Back just two days from her fifth fact-finding trip to Afghanistan as a member of Congress, Niki Tsongas yesterday said women will need to play a key role in maintaining peace in the country after the withdrawal of U.S. troops expected in 2014.
“The situation in Afghanistan remains fragile and highly complicated and there is a lot at stake going forward. Its government cannot ignore 50 percent of their population or turn back the clock on the gains achieved for women and girls without jeopardizing the long-term security of the country,” she said in a statement.
“Afghan women are eager to protect what they have gained so that upon U.S. withdrawal, they do not see these gains slip away. After meeting with so many extraordinary Afghan women, I have no doubt they are confident and determined to continue their march toward equality. The United States and the international community have a responsibility to bolster their great advancements and prevent it from backsliding so that progress can continue.”
In a telephone interview yesterday, Tsongas, the only Massachusetts member of the House Armed Services Committee, said she and other members of a bipartisan congressional delegation visited an academy modeled after West Point where there are “modest numbers” of female students who could become members of Afghan’s security forces.
At one time, Tsongas said, “women were not allowed access at any level.”

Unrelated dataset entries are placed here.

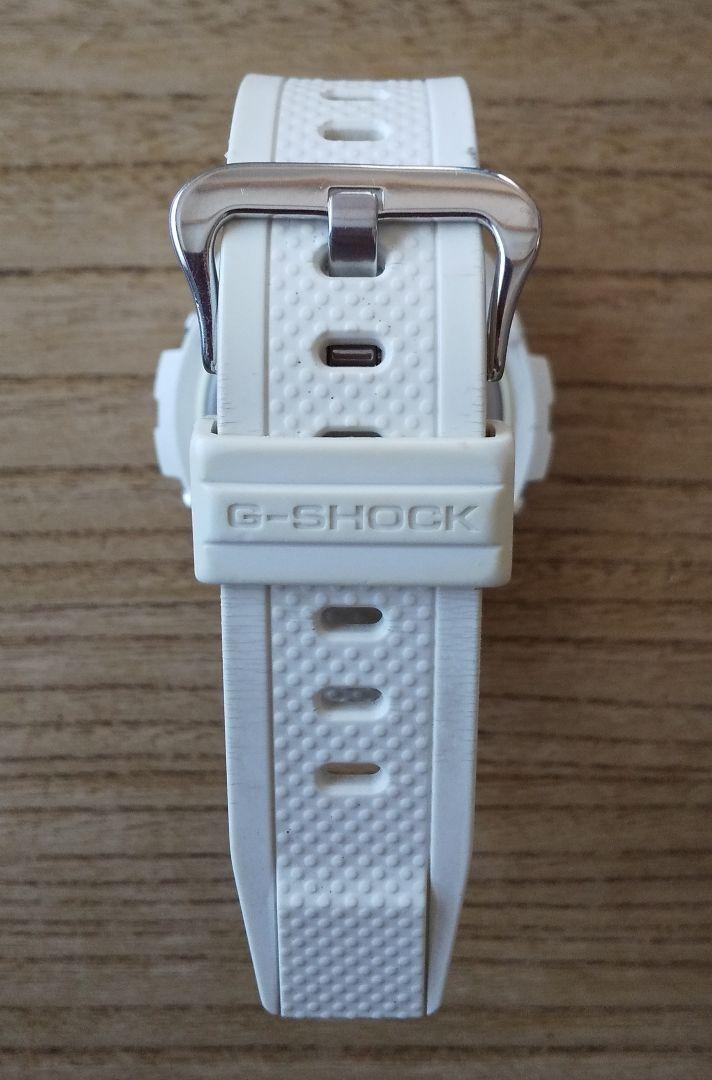 カシオ G-SHOCK GST-W300 電波ソーラー
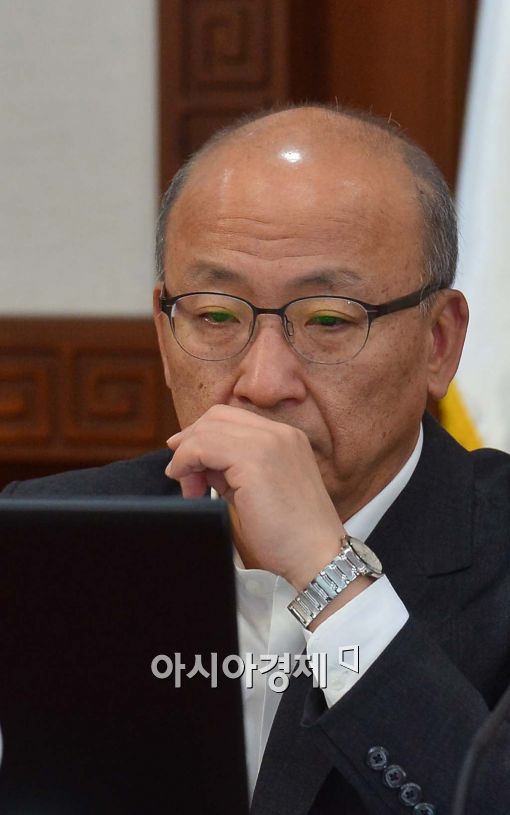 [포토]문형표 보건복지부 장관 '고심' 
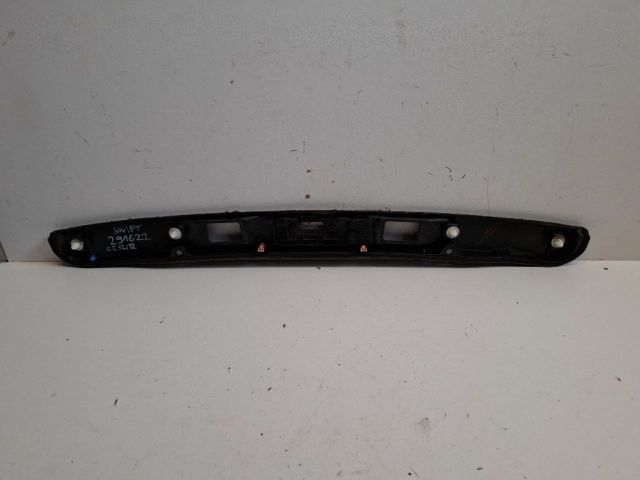 bontott SUZUKI SWIFT IV Rendszámtábla Világítás Keret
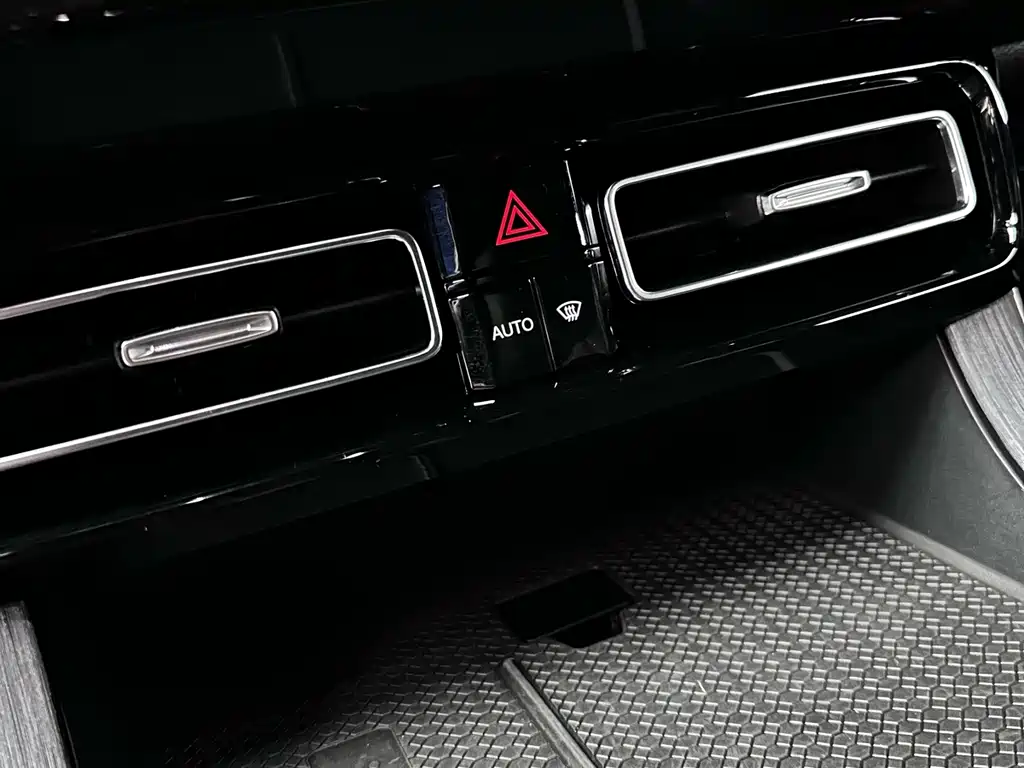 GAC Motor Trumpchi GS8 — миниатюра 24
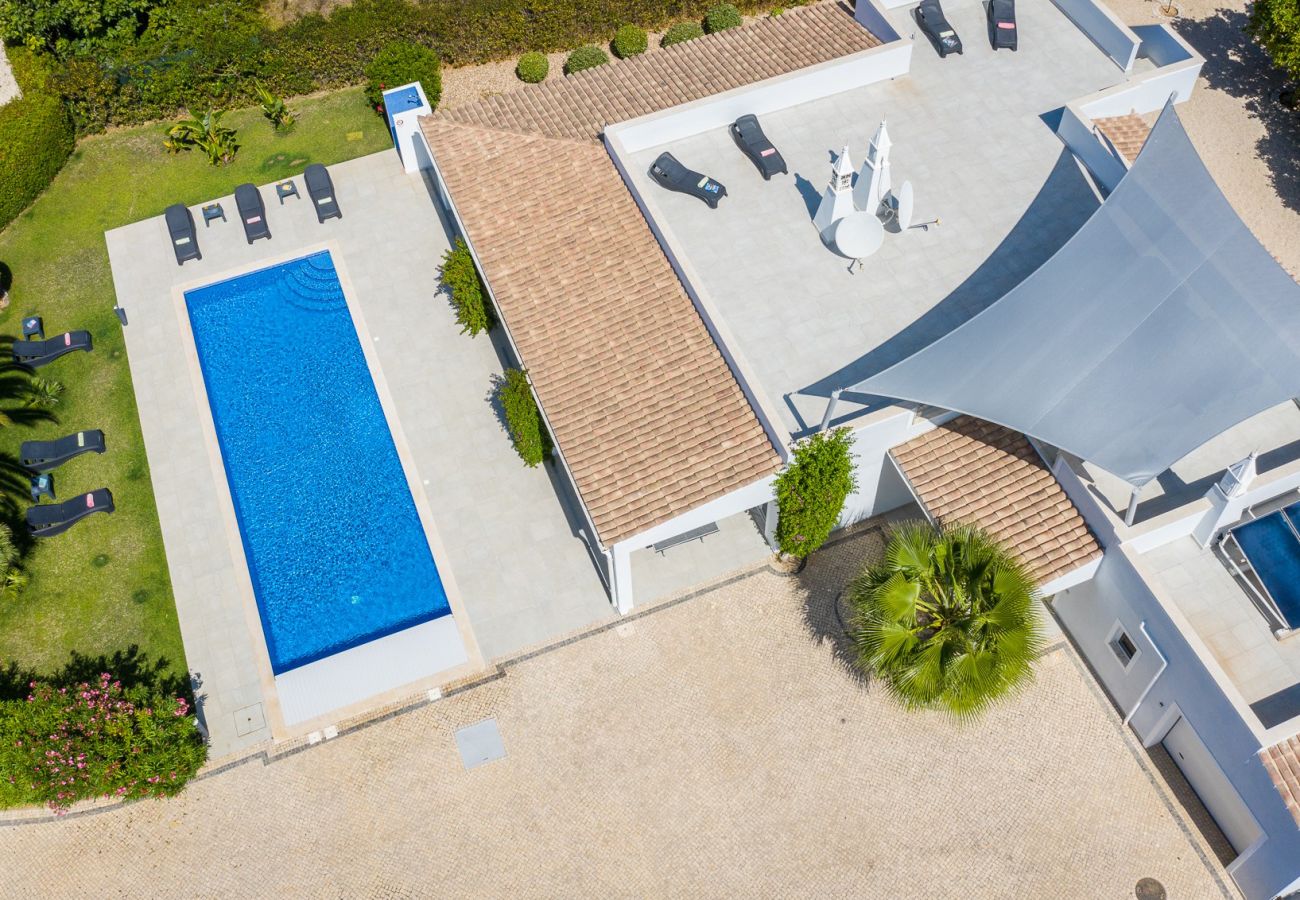 Villa en Carvoeiro - Villa con aire acondicionado a 700 m de la playa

“One of the issues...Afghan women feel as though ... they need to see an integrated police forces” in a country where woman have traditionally been oppressed, she said.
The academy, paid with U.S. dollars, “prepares an officer corps and also seeks to prepare leaders for the country,” she said.
Tsongas and the other delegation members met with coalition commanders including General Joseph Dunford and General Mark Milley. Tsongas said as part of the withdrawal of U.S. troops, 85 percent of the effort has been transferred to Afghan security forces and that Dunford and others are “relatively optimistic.”
She said the “fighting season begins right about now” and that Dunford said “we will not be actively engaging in the fight.”
“This summer will be the test,” said Tsongas, adding that there is also a “raw criminal element” in the country to contend with.
Tsongas arrived home just two days before yesterday’s suicide car bombing that tore through a U.S. convoy in the Afghan capital of Kabul. At least 15 people, including six U.S. military advisers and two children were killed, officials said. U.S. soldiers rushed to the scene to help, including some wearing only T-shirts or shorts under their body armor.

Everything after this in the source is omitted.